World War II 1939-1945

Style

Queenslander

‘Ravenscraig’ was built in 1941 for businessman and state politician Arthur Bruce Pie and was the venue for discussions between Pie and Robert Menzies about the creation of the Liberal Party. Designed by prominent Brisbane architect Mervyn H. Rylance, it is reminiscent of the American ranch style and may be the last grand home constructed in Brisbane in World War II before wartime restrictions caused the cessation of non-military building projects. Other prominent residents of ‘Ravenscraig’ have included former University of Queensland Deputy Chancellor August Gehrmann and chemist chain owner Max Talbot.

Lot plan

L20_RP92044

Key dates

Local Heritage Place Since —

Date of Citation —

Construction

Roof: Tile;
Walls: Face brick

People/associations

Mervyn Hamilton Rylance (Architect)

Criterion for listing

(A) Historical; (B) Rarity; (E) Aesthetic; (H) Historical association

Interactive mapping

City Plan Interactive Mapping

Lot plan

L20_RP92044

Key dates

Local Heritage Place Since —

Date of Citation —

Construction

Roof: Tile;
Walls: Face brick

People/associations

Mervyn Hamilton Rylance (Architect)

Criterion for listing

(A) Historical; (B) Rarity; (E) Aesthetic; (H) Historical association

Interactive mapping

City Plan Interactive Mapping

History

Aspley was first surveyed for sale and settlement in 1857 and developed as large allotments for farming, which continued well into the twentieth century. In 1941 Queensland Government politician, Arthur Bruce Pie, purchased a large allotment in Aspley on the crest of a hill as a site for his lavish semi-rural family home.

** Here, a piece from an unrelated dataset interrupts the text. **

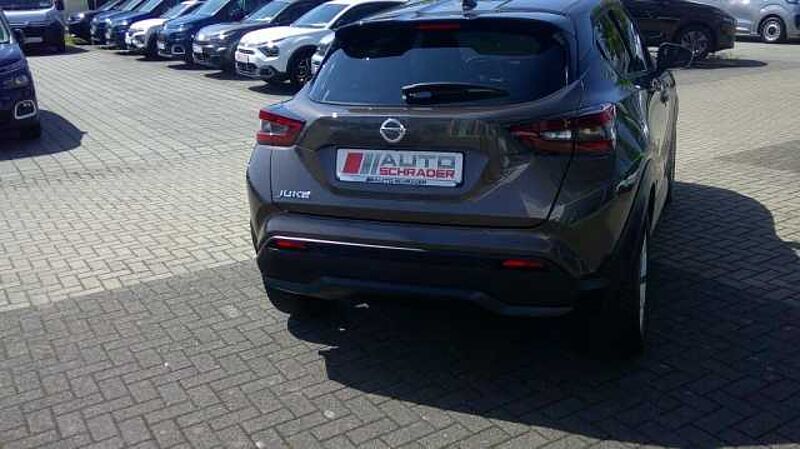 Nissan Juke 1.0 DIG-T N-Connecta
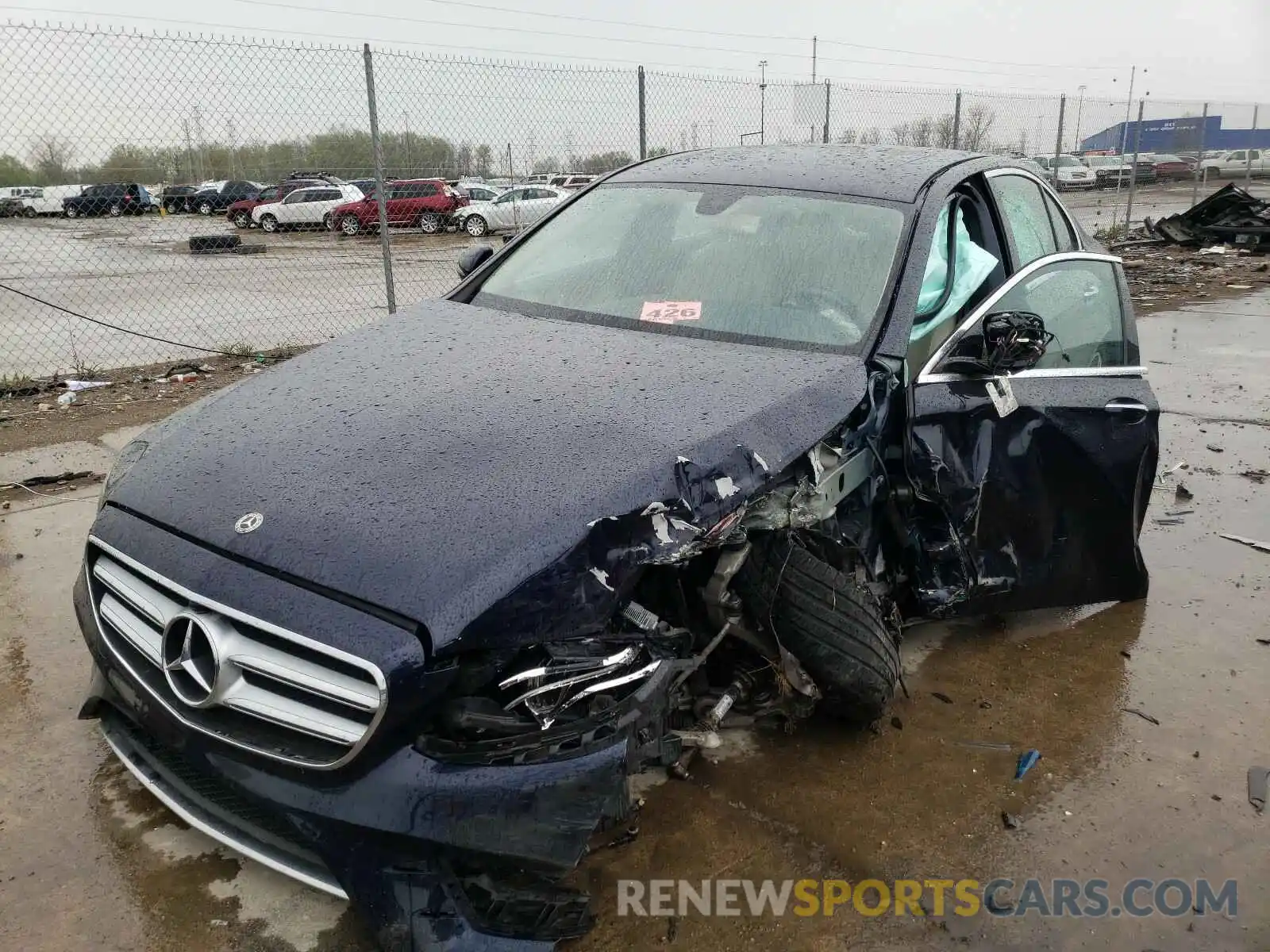 2 Photograph of a damaged car WDDZF4KB1KA567235 MERCEDES-BENZ E CLASS 2019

Born in 1902 at Coburg, Victoria, Pie was educated at Caulfield Grammar School before leaving at age 15 to work for the importers Harrisons, Ramsay Pty Ltd. In 1922 he was made merchandising manager in the firm’s Brisbane office before returning to Melbourne to become the manager from 1924 to 1927. In 1925 Pie married Jean Margaret Wright and the couple went on to have six sons and one daughter. In 1927 he returned to Brisbane where he established the importing and manufacturing firm Bruce Pie & Co. in 1927. He then founded the Australian Bedding Company, a textile and manufacturing firm, which expanded in 1939 due to greater demand caused by the outbreak of World War II. Pie became interested in politics. He entered the Queensland Parliament as the Independent/Democrat Member for Hamilton in 1941, taking the seat from the leader of the conservative United Australia Party. Soon after this victory, Pie contracted architect Mervyn Rylance to design his family house on his Aspley land. Pie lodged a building application which was approved in early July 1941.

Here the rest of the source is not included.